Captioned web image data
:::::
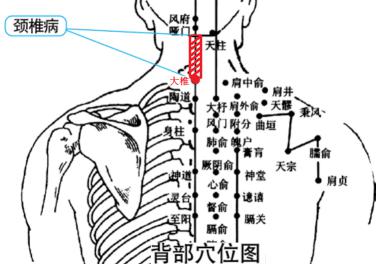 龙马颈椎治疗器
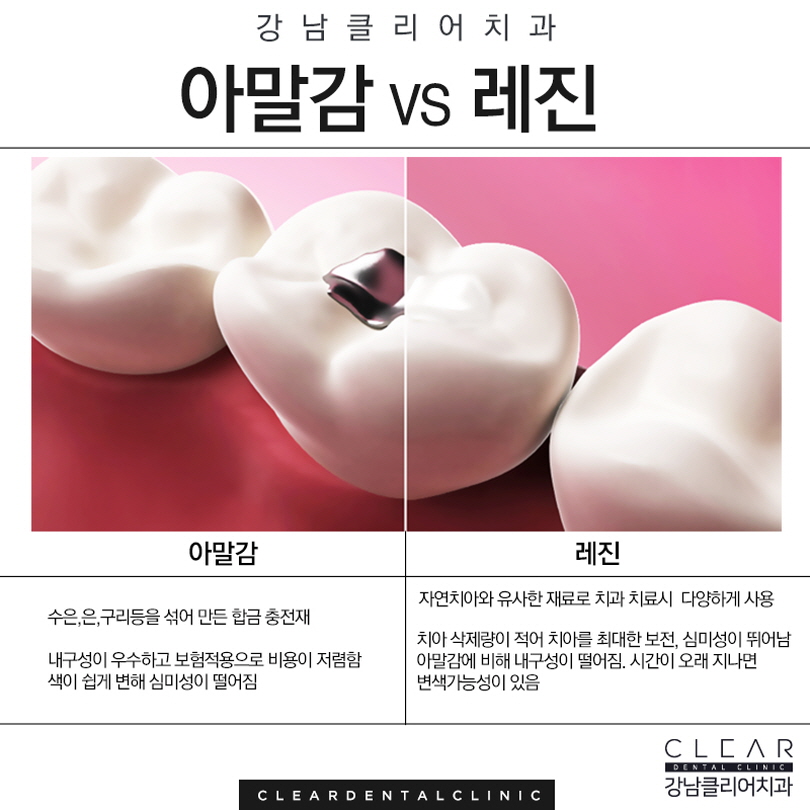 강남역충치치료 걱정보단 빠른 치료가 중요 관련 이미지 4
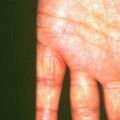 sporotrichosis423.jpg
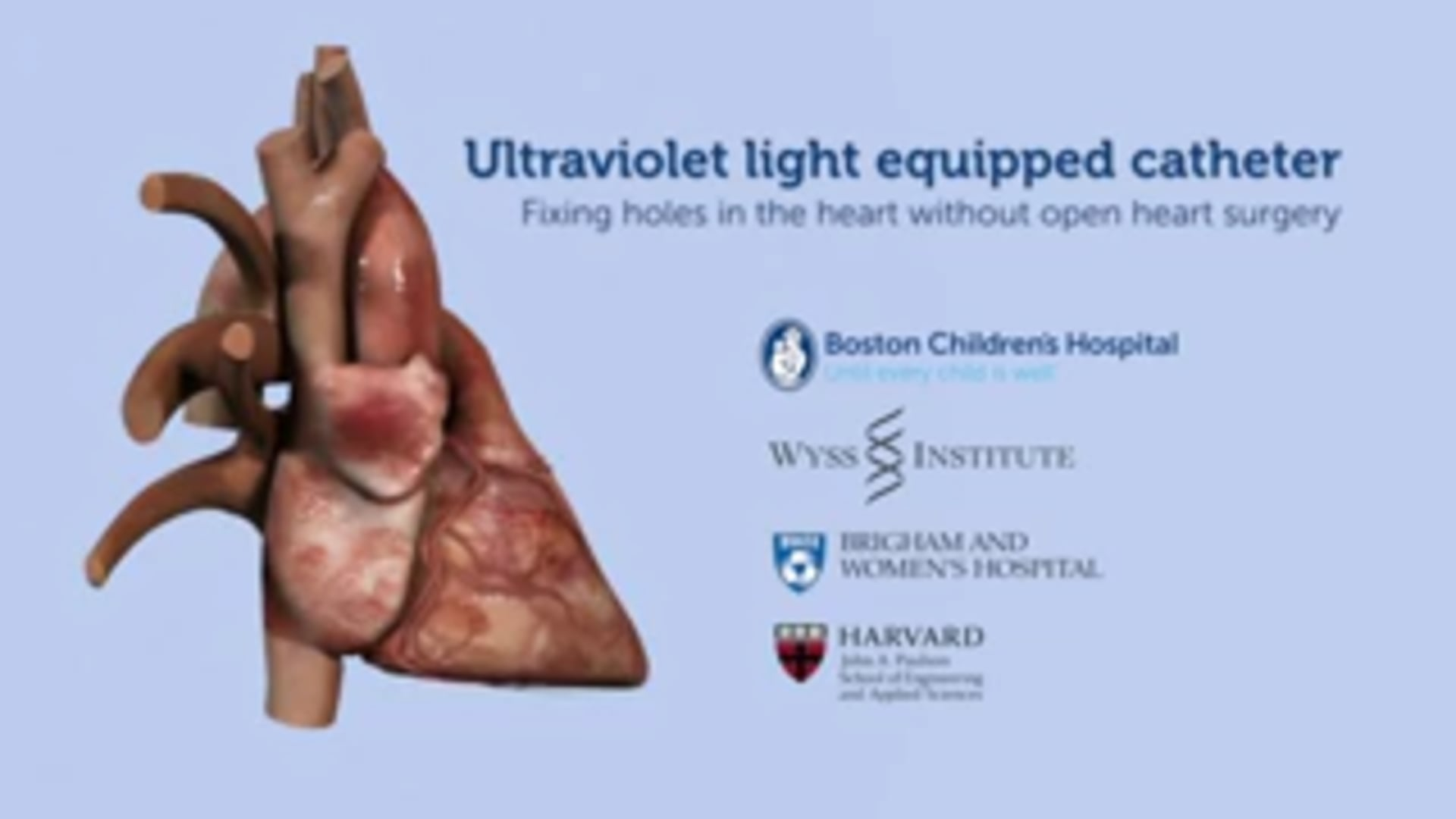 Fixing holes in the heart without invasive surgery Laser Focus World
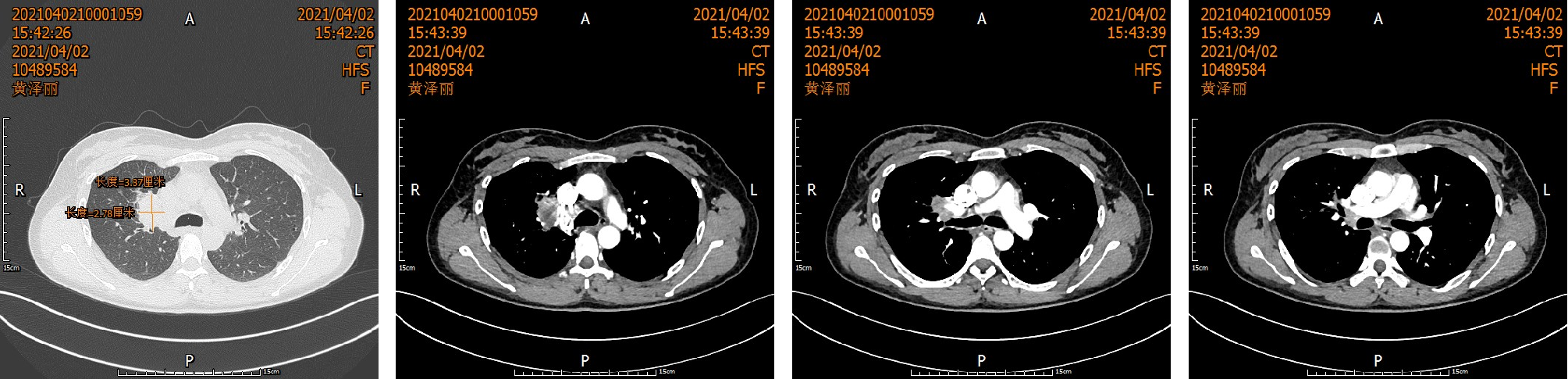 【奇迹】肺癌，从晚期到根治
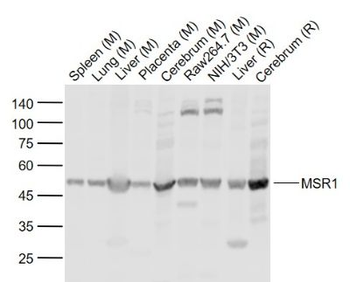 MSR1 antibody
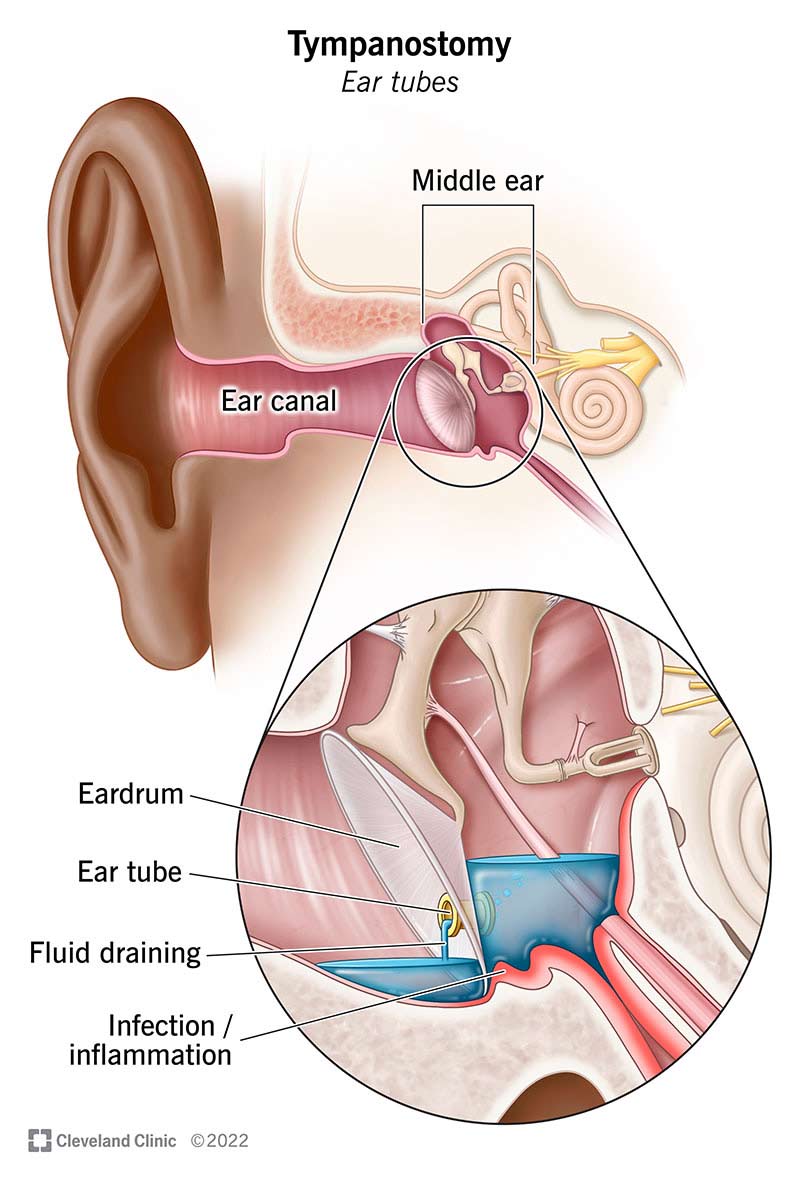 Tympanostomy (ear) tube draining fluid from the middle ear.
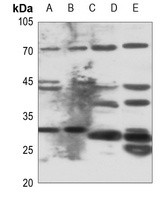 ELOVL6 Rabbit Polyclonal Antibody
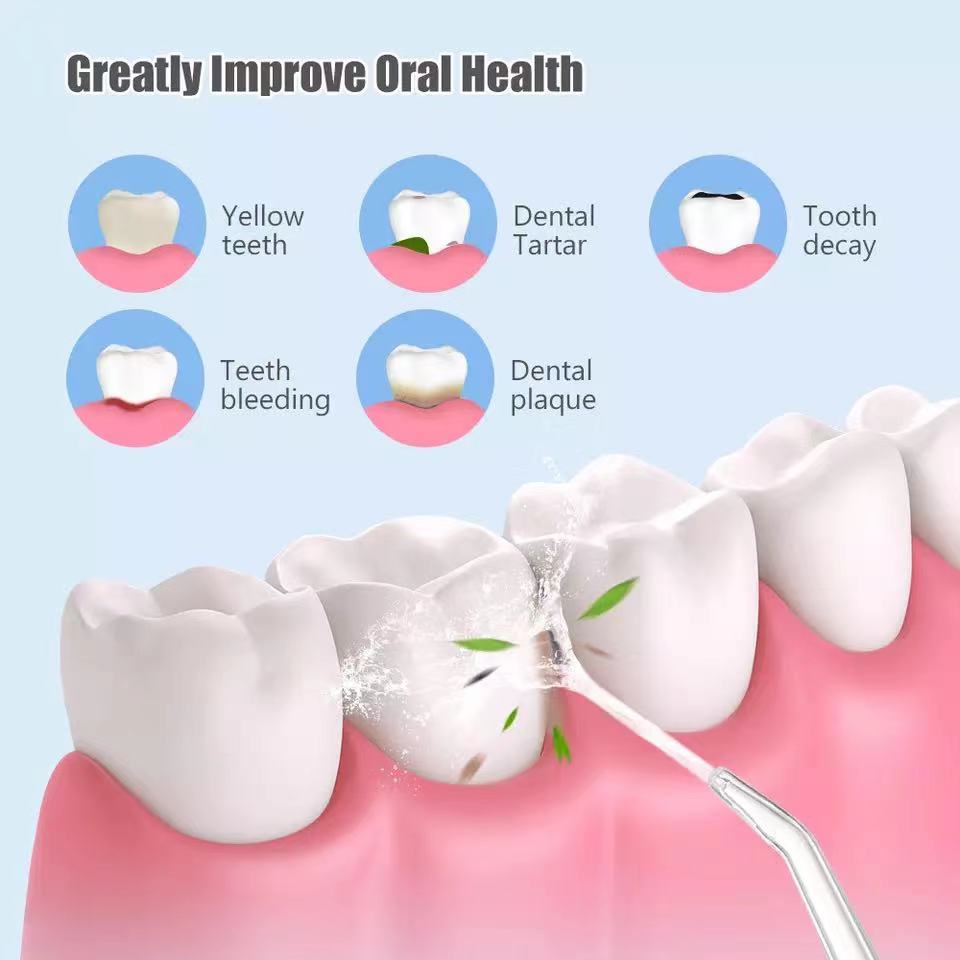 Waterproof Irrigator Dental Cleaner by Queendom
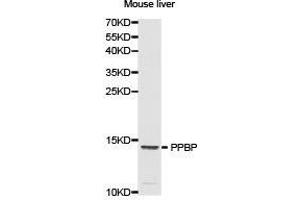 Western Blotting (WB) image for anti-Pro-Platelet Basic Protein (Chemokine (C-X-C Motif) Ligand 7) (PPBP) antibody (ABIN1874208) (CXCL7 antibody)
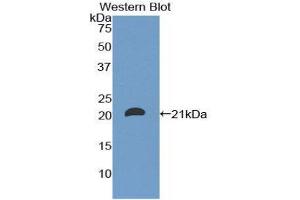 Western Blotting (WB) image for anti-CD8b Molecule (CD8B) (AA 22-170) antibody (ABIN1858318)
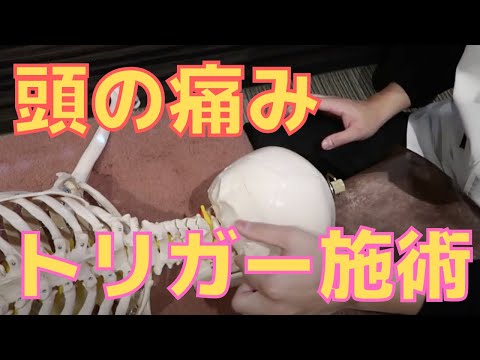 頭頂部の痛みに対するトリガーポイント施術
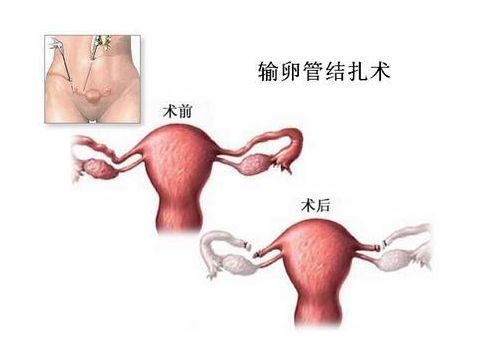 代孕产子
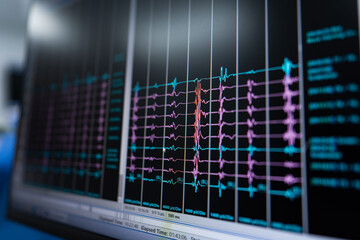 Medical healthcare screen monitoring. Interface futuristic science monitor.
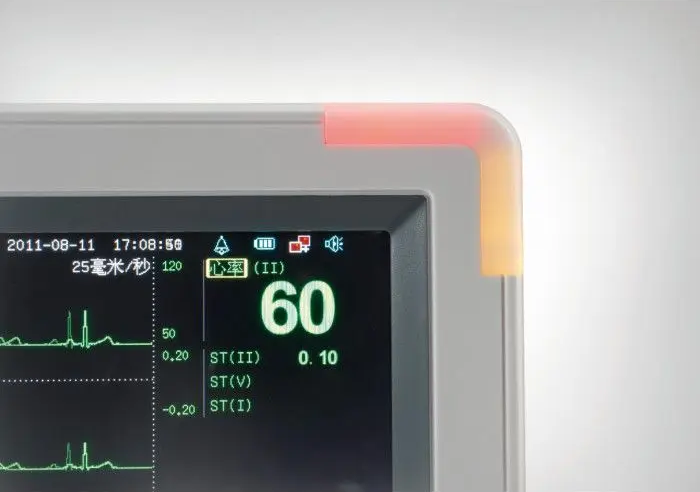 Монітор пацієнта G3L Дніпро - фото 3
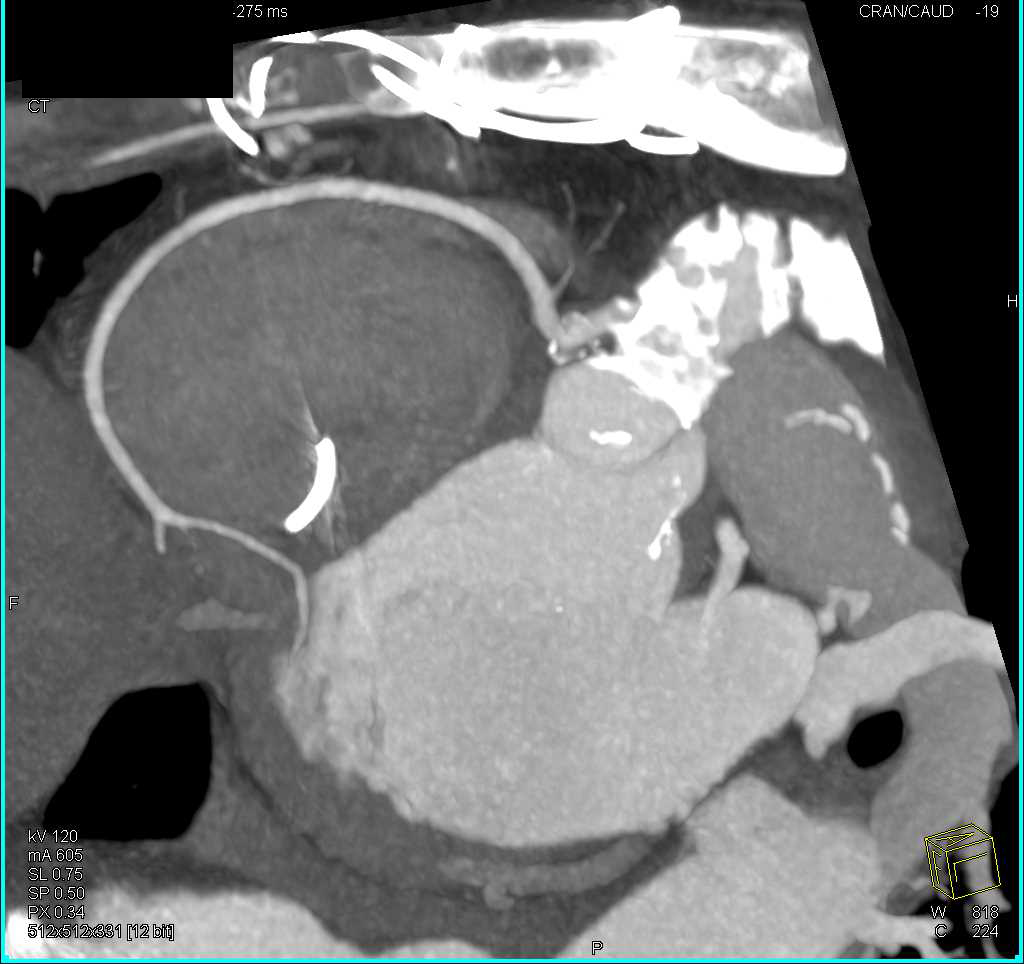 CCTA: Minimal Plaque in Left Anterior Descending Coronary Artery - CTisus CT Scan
:::::
=== What you need to do ===
Your answer should hold every record above, printed exactly and free of pictures.

=== Solution to the problem ===
 龙马颈椎治疗器
 강남역충치치료 걱정보단 빠른 치료가 중요 관련 이미지 4
 sporotrichosis423.jpg
 Fixing holes in the heart without invasive surgery Laser Focus World
 【奇迹】肺癌，从晚期到根治
 MSR1 antibody
 Tympanostomy (ear) tube draining fluid from the middle ear.
 ELOVL6 Rabbit Polyclonal Antibody
 Waterproof Irrigator Dental Cleaner by Queendom
 Western Blotting (WB) image for anti-Pro-Platelet Basic Protein (Chemokine (C-X-C Motif) Ligand 7) (PPBP) antibody (ABIN1874208) (CXCL7 antibody)
 Western Blotting (WB) image for anti-CD8b Molecule (CD8B) (AA 22-170) antibody (ABIN1858318)
 頭頂部の痛みに対するトリガーポイント施術
 代孕产子
 Medical healthcare screen monitoring. Interface futuristic science monitor.
 Монітор пацієнта G3L Дніпро - фото 3
 CCTA: Minimal Plaque in Left Anterior Descending Coronary Artery - CTisus CT Scan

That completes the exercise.